Hard on the heels of reports in the UK that police were looking variously for a paedophile gang, foreign perverts, gypsy robbers, English cleaners and some fair-haired individuals possibly from Germany or Holland, the Portuguese tabloid Correio da Manhã last week began publishing a series of articles claiming police were investigating an African man.
The ‘new suspect’ was a former employee of the resort where the McCanns stayed in 2007. Phone records placed him near Praia da Luz at the time. As an immigrant from the former Portuguese colony of Cape Verde, he was living with his partner and their son in the nearest town, Lagos. He was arrested in 1996 for petty theft, but had no record of any serious offence.
The Correio da Manhã stories were copied and in some cases embellished in many British and other foreign newspapers. The Daily Express, for example, claimed the suspect was “a violent thug who was a threat to children.” It gave a Portuguese ‘police profile’ as the source of this information.
In many of the regurgitated reports, Portuguese detectives were said to be examining the possibility that the ‘suspect’ had kidnapped Madeleine in an act of revenge against his former employers for his dismissal a year earlier.
This idea made no sense at all, said the brother of the Cape Verdean's Portuguese partner. “It wasn’t as if what happened there with him losing his job destroyed his life.
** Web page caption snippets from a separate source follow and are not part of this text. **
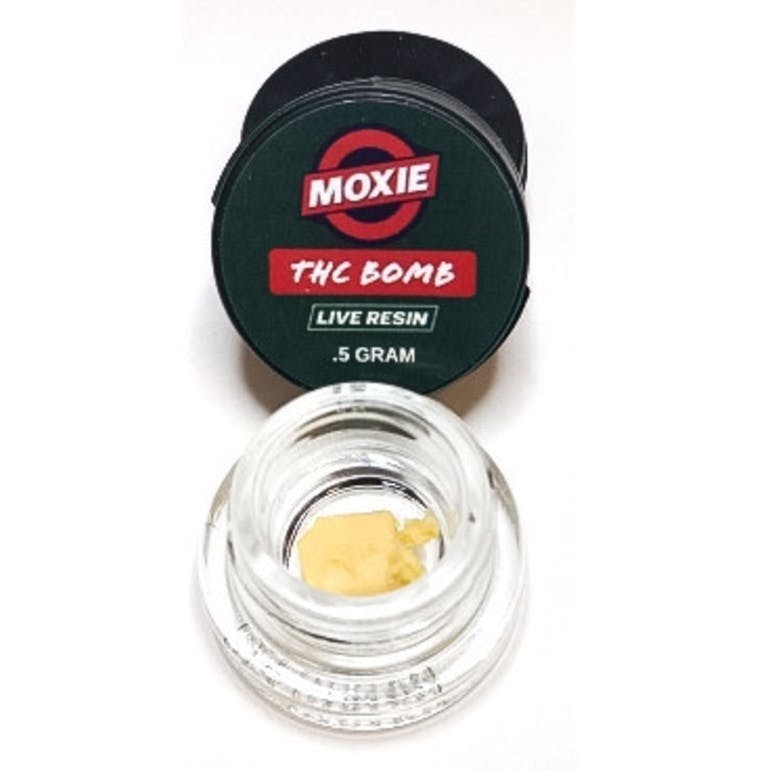 Moxie- THC Bomb Live Resin Badder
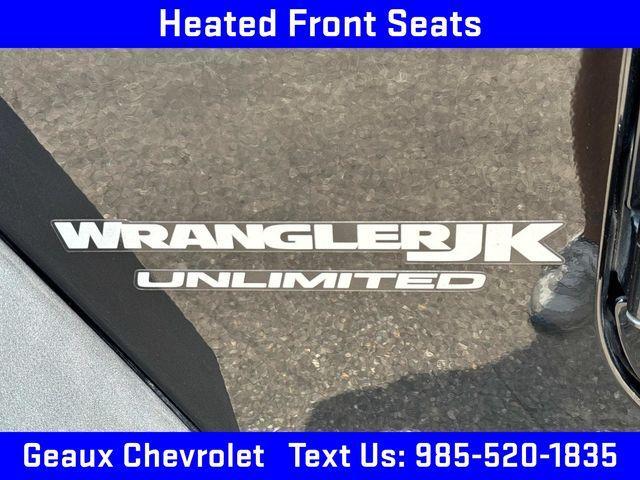 used 2018 Jeep Wrangler JK Unlimited car, priced at $26,497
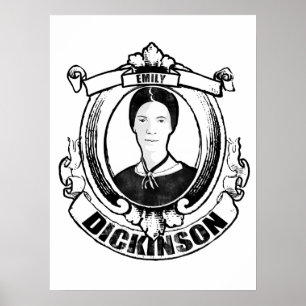 Emily Dickinson affisch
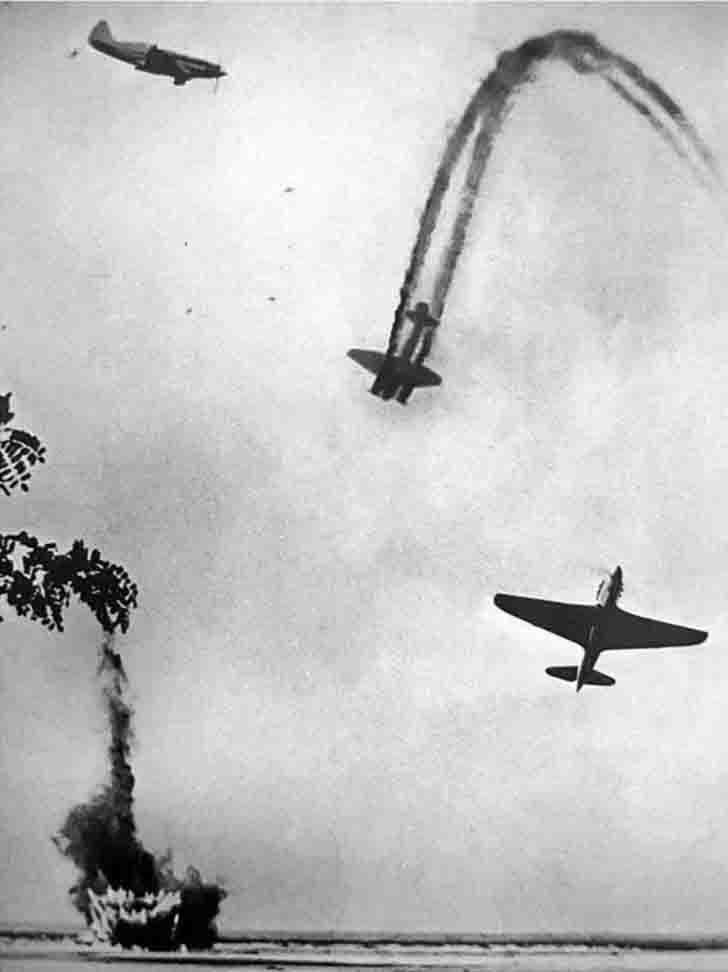 air battle of the Kuban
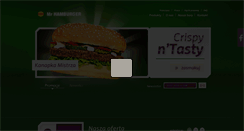 Desktop Screenshot of mrhamburger.pl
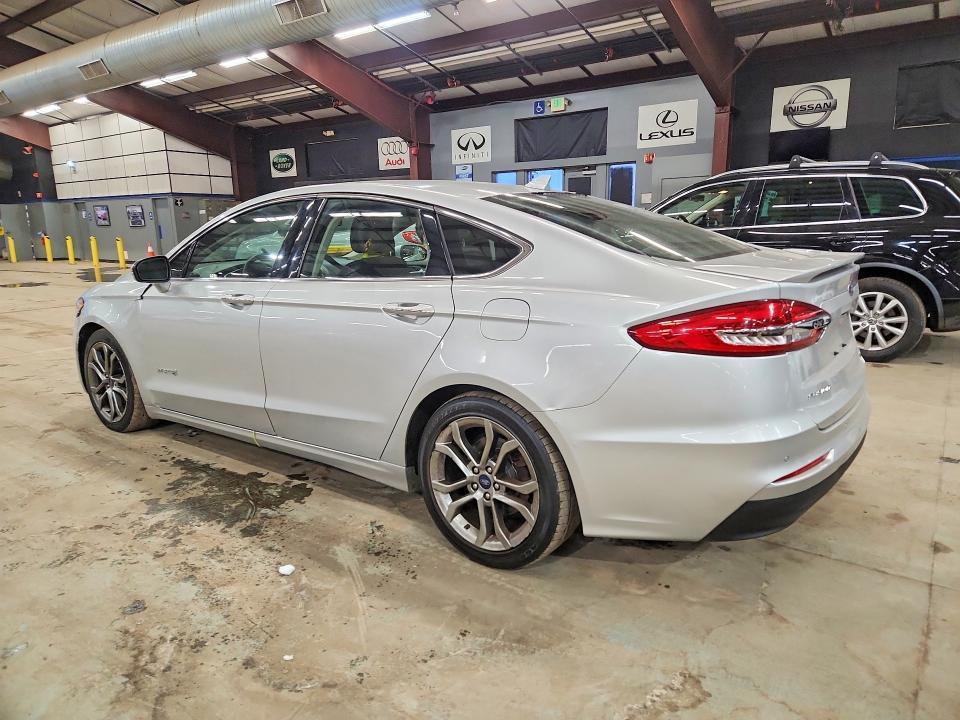 2019 Ford Fusion Titanium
He got work elsewhere soon afterwards.”
A Portuguese TV reporter calmly and sensibly described the recently discovered information about the man’s cell phone use as “a loose end that needs to be tied up.”
But the British tabloids went overboard. More personal details about the man emerged, including his name. The Daily Mirror published a close-up photograph - but of course he looked nothing like either of the five-year-old e-fit images released by Scotland Yard three weeks ago.
The ‘new suspect’ died in a tractor accident in the north of Portugal in 2009, two years after Madeleine disappeared. There is that old saying, “you can’t defame the dead,” but what about the torment and humiliation these stories have inflicted upon those left behind?
This again raises serious questions about the workings and integrity of both the press and the police. How and why did details of this individual and the Polícia Judiciária’s interest in him become available? Has this man really become ‘key’ to the investigation, or is something else afoot here?
The ‘suspect’s’ widow told the Portuguese weekly newspaper, Sol: “It is disgusting that they are now trying to set up a dead man as a scapegoat.”
The Federation of the Organisations of Cape Verde based in Lisbon also believes the dead man is being used as a scapegoat. It described the allegations against him as “shocking” and “not credible.”
The truth about this matter needs to be told. Sadly, the truth about many aspects of this extraordinary six and a half year old mystery is as cloudy as ever.